If this doesn't sound like you- then you better start w/a compression test, a vacuum test and possibly a leakdown test to see what the condition of the engine is before you go any further.

If the tests all look good, then do a complete tune up and be sure the carb is working as it should. Recurve the distributor and see what you have after doing those few things. Because I can tell you, it should be running pretty damn good- even stock.
03-25-2011 11:45 PM
DENCOUCH
Costs

If you look at Summits price on gears, it will cost about $190 bucks for a performance ring & pinion gear set. The install kit is another $90 bucks.

You will need a dial indicator with a magnetic base to check the clearances & lash. You will need a torque wrench graduated in inch/pounds to set the correct preload on the pinion bearing. This required that you tighten the pinion gland nut to 180 lbs of torque, but not so tight that the crush sleeve is over tightened so that the pinion will turn with about 11 in/lb torque. If you over tighten it, then press out the pinion gear and load in another crush sleeve... try again.

Faster & cheaper to shop for a used rear end with all of this already done for ya.

No difference if you find a 3.37 rear end already to go, or install your own 3.37 gears... performance would be the same.

Check & see what gear set you have ... that will give you an idea of how much better your car will scoot if you select a lower gear set.
03-25-2011 10:39 PM
zzarich
Quote:
Originally Posted by DENCOUCH
Yes, you will feel a difference in performance... tires will most likely break traction between shifts. and your mileage may slip.

I forgot to mention that you will have to have your speedo re-calibrated, but that is easy.

Have fun.

and relive the feeling of of being pushed back into you seat when you step on it.
in the performance aspect whats the difference if just swaped the gears and not the rear end? this much money isnt a real problem for me to get so the easier it is for me to do is the way i will go
03-25-2011 10:35 PM
DENCOUCH
stuff left out.

Yes, you will feel a difference in performance... tires will most likely break traction between shifts. and your mileage may slip.

I forgot to mention that you will have to have your speedo re-calibrated, but that is easy.

Have fun.

and relive the feeling of of being pushed back into you seat when you step on it.
03-25-2011 10:33 PM
zzarich
Quote:
Originally Posted by DENCOUCH
Depends on your experience and if you have ever swapped out rear end gears before.

Lets look at costs new gears vs a used rear end.

Both cost about the same in $$$, and the real savings is in time and the amount of expertise required:

A junk yard rear end can be bought complete drum to drum.

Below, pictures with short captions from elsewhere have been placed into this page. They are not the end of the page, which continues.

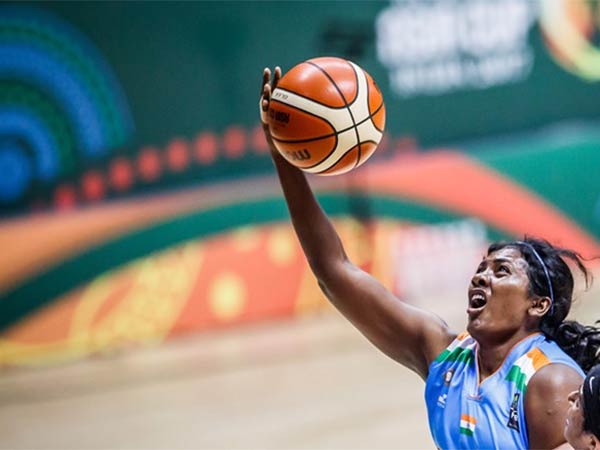 அனிதா பால்துரை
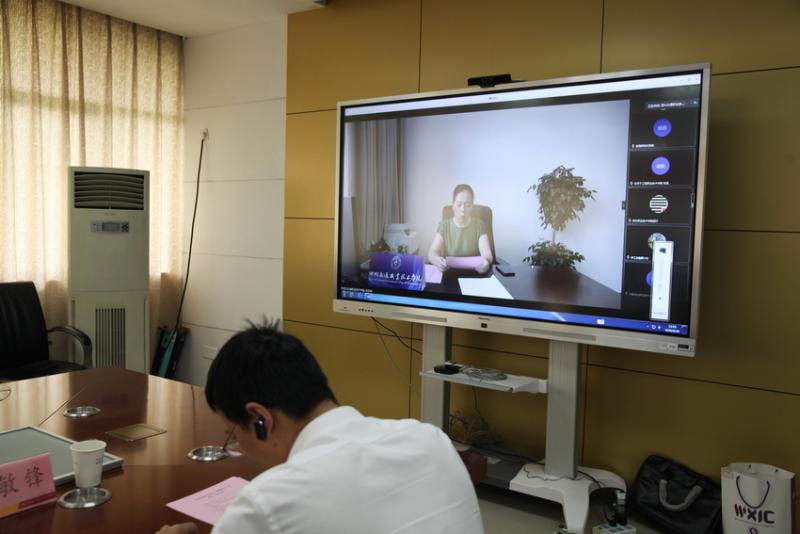 学院副院长刘玉荣宣读全国职业教育实践育人产教联盟发起单位名单_$1593753276346050261.jpg 学院副院长刘玉荣宣读全国职业教育实践育人产教联盟发起单位名单.jpg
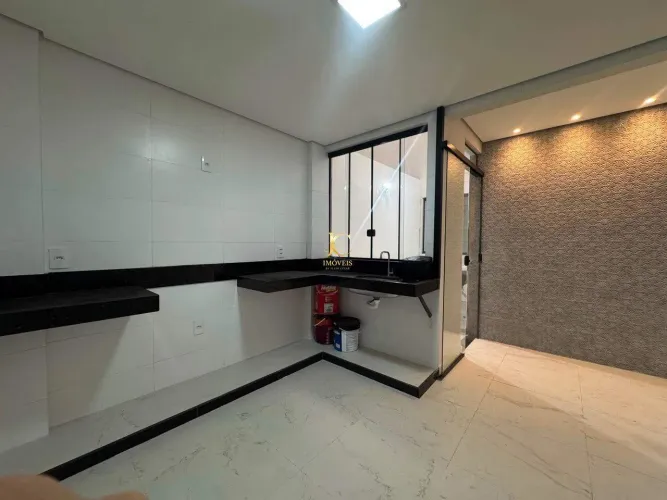 Apartamento residencial à venda em Divinópolis/MG (Bom Pastor) | 3 quartos, 1 suíte e 1 va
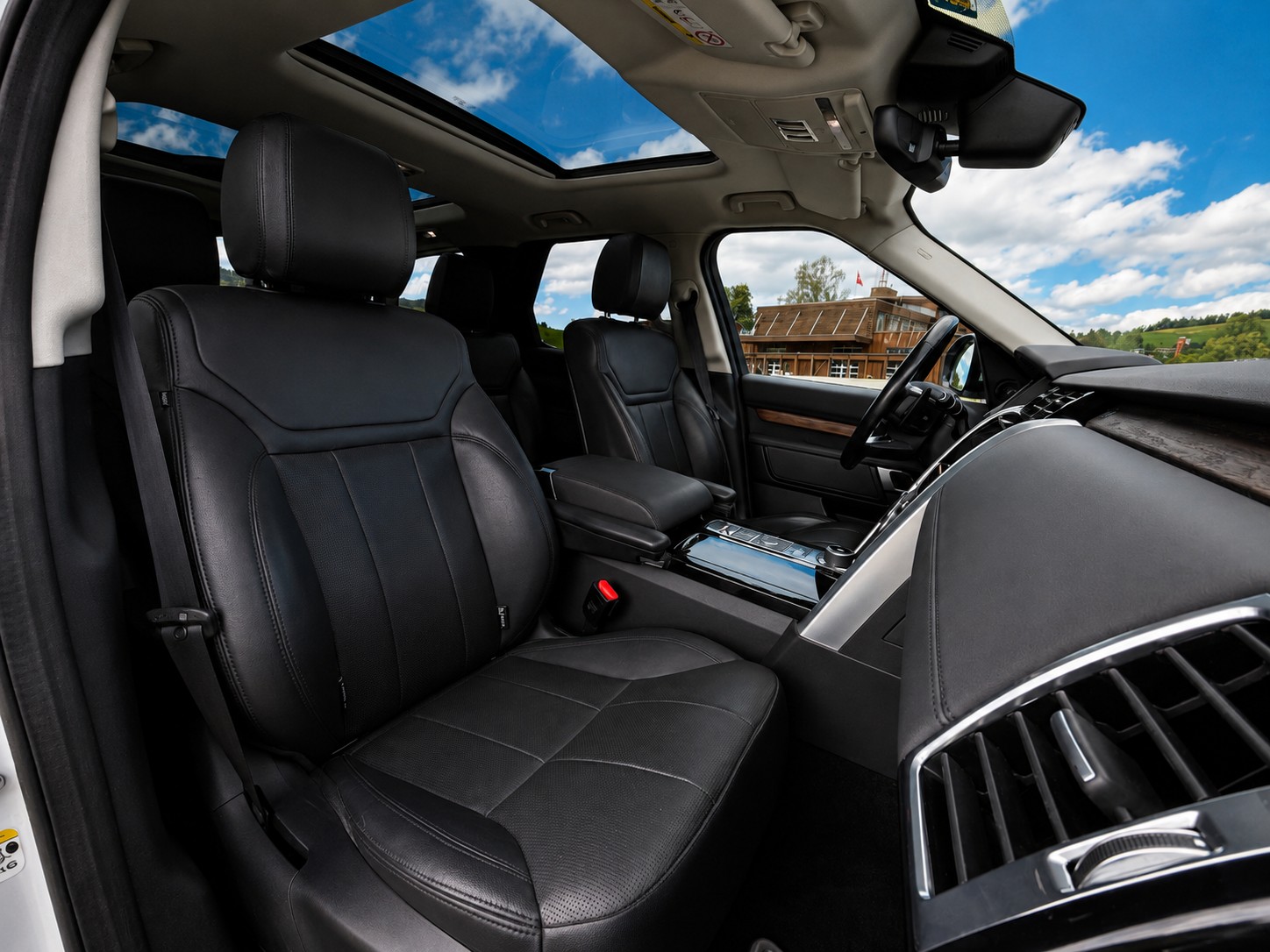 LAND ROVER Discovery 2.0 SD4 HSE Automatic-image-5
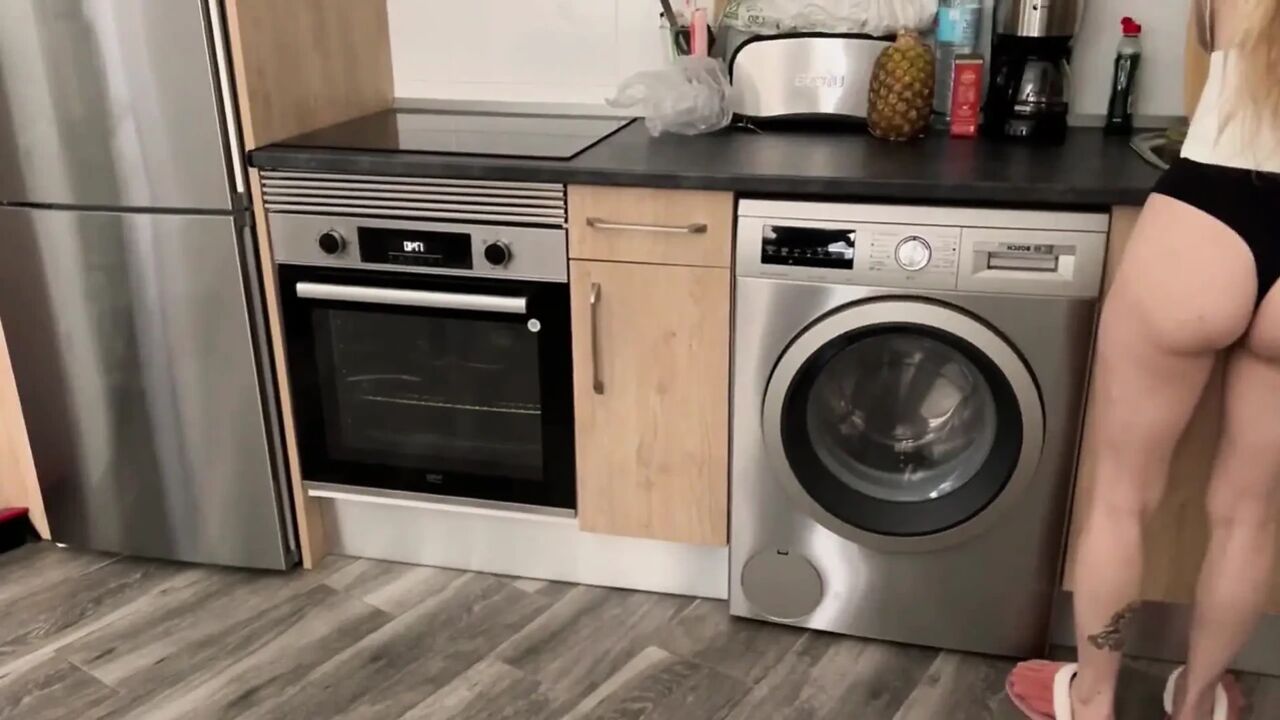 Stepmother Nimfomaniac Does Double Penetration with Vegetables!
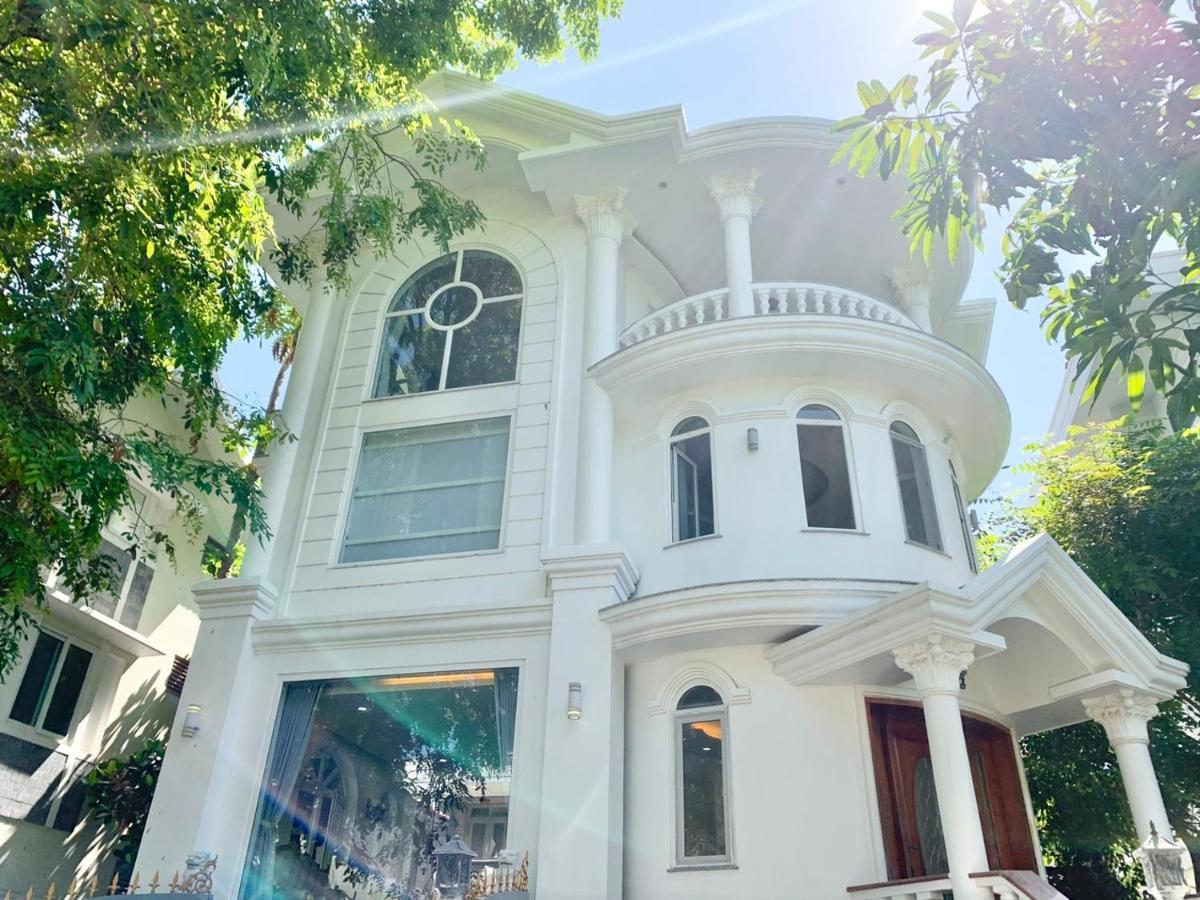 Villa Benzen Nha Trang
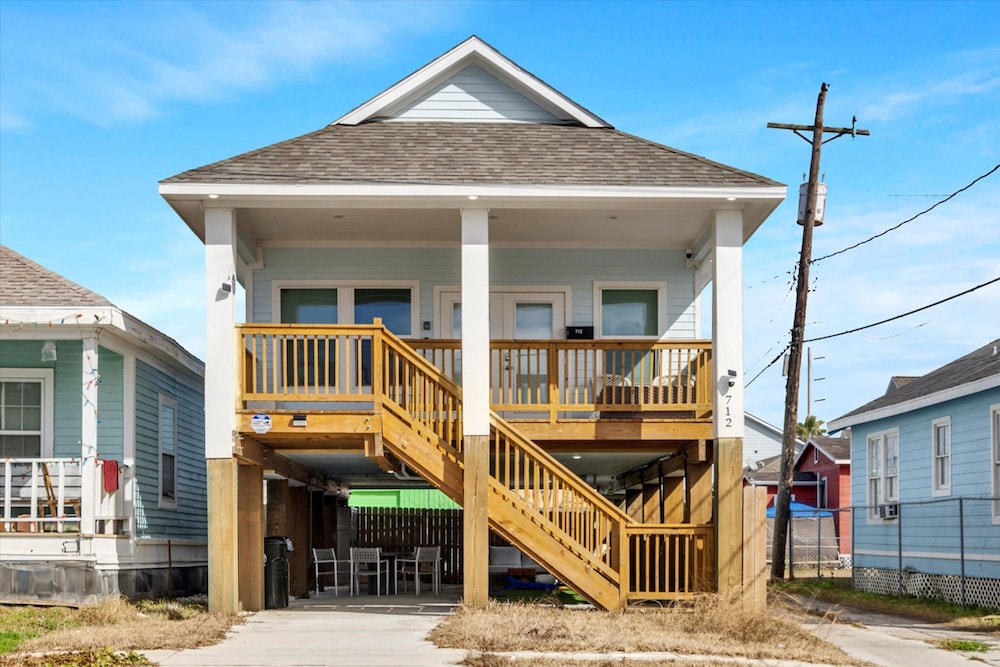 Newly Remodeled Home Minutes From Cruise Terminal
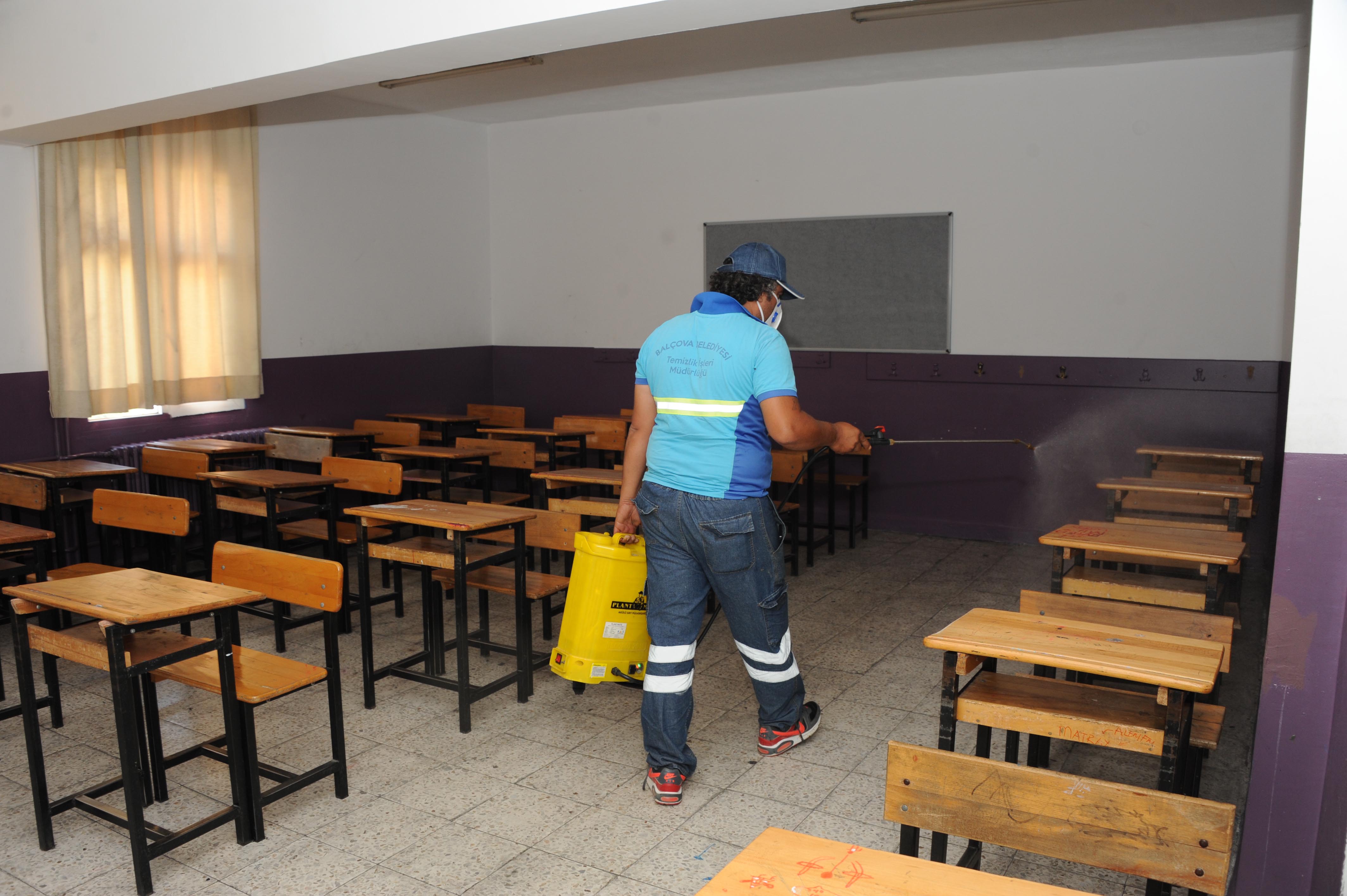 Balçova’da YKS Temizliği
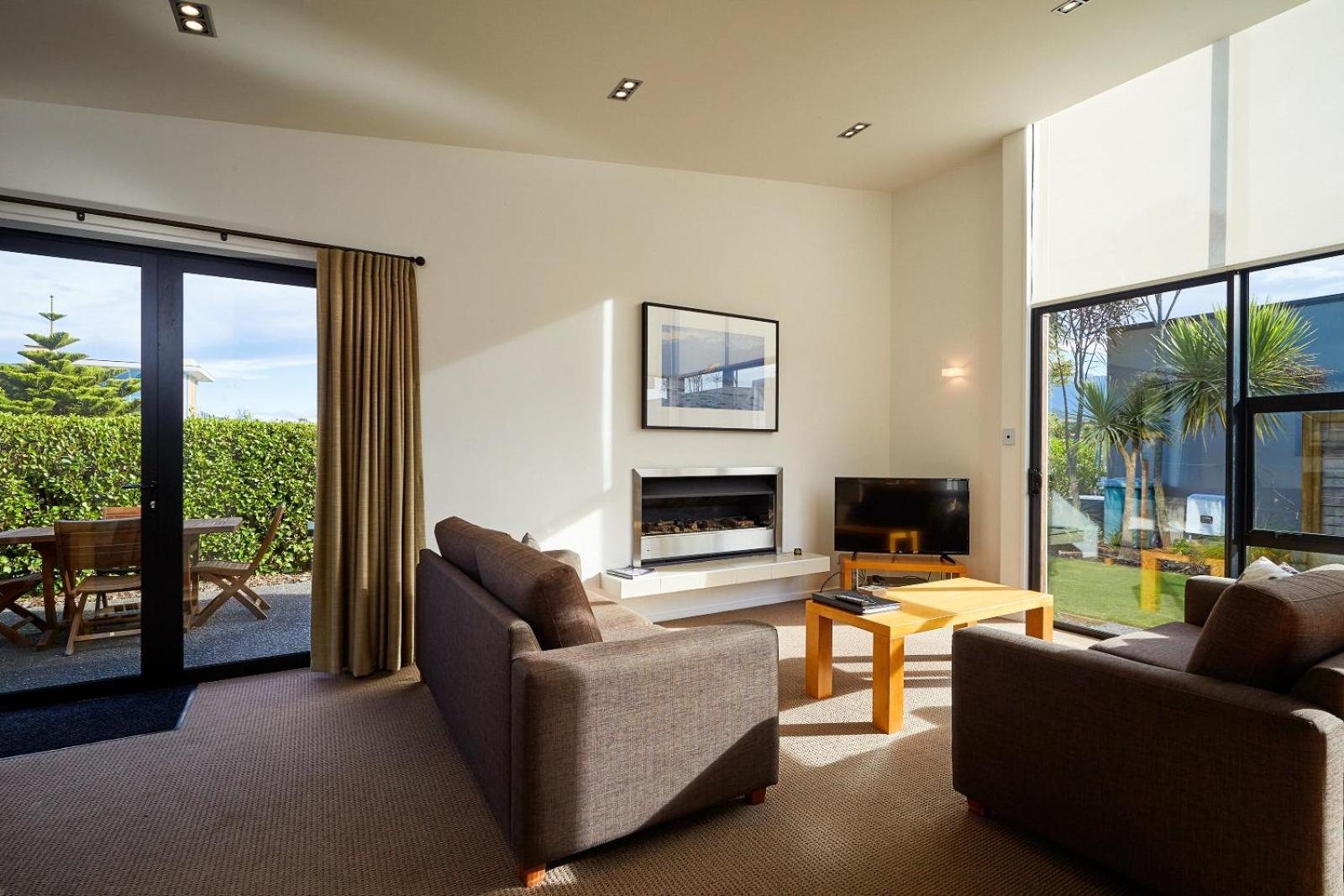 One-Bedroom Apartment - Photo 2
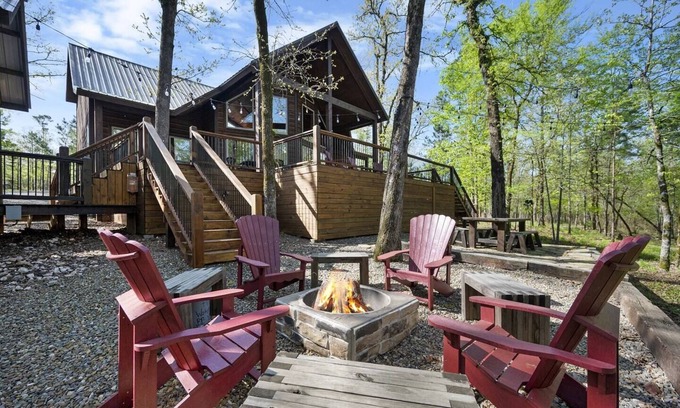 Hochatown Cabin | Big Deck Energy Arcade, Bunks & Horseshoes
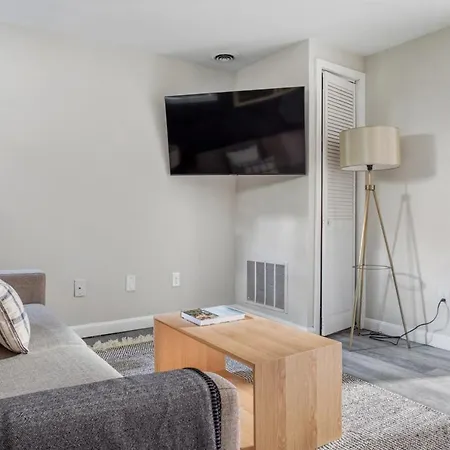 Charming N End 2br On Salem St Bos-452 Boston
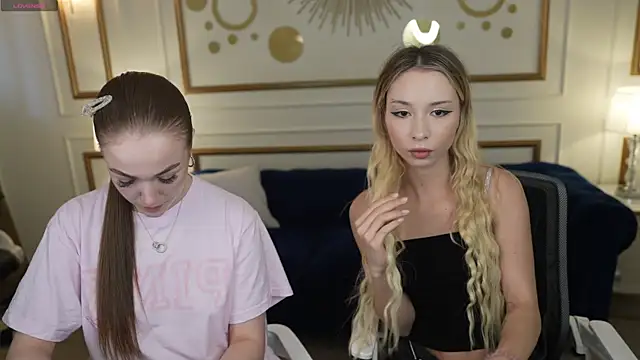 Ella 054 online show from 04/19/26, 02:27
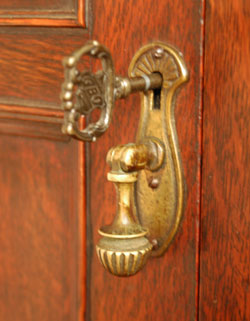 アンティークサイドボード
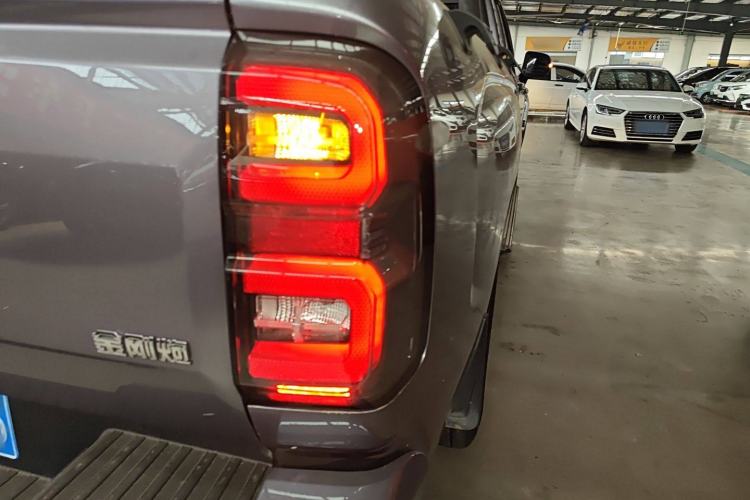 Used Great Wall King Kong Poer 2023 2.0T Automatic Diesel Two-Wheel-Drive Elite Version Flatbed GW4D20M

To remove the old rear end the steps are simple and easy with no special tools required.

Unhook the driveshaft... unhook the brake lines & emergency brake cable... undo the two lower shock bolts... undo the spring perches... drag out the rear end. rinse & repeat with new rear end.

Setting up a new rear end gear set requires removal of the rear end from the car (to make it easy), removal of the gland nut holding the pinion gear to the drive yoke (torqued down 180+ lbs)... pinion gear pulled out of the case... all this after you have drained the oil, pulled the c-clips.. the axles... spider gears + bearings + shims (keep them in order!).

Etched in the new pinion gear is a clearance that you must use when setting the clearance between the ring & pinion gear... use shims for that. Then check to see if you need to shim the pinion gear closer to the ring gear so that the gears mesh correctly in drive & coast modes.

Baby the new gears by driving a moderate speeds for the first 1/2 hour of operation... allow to cool then drive for reals. I have left stuff out... like adding the fluid, but the real argument here is that it is faster to just change out the rear end if you want it done fast (4 hrs at most).

Once you decide to swap rear ends, you job is to find the best one out there, at the best price, the most complete drum to drum with brake lines still attached... with the gear set you want.

Bonus points for you if you snag a posi unit! You will be glad you did.
wow okthats a lot,do u know what a shop would charge to put that on for me?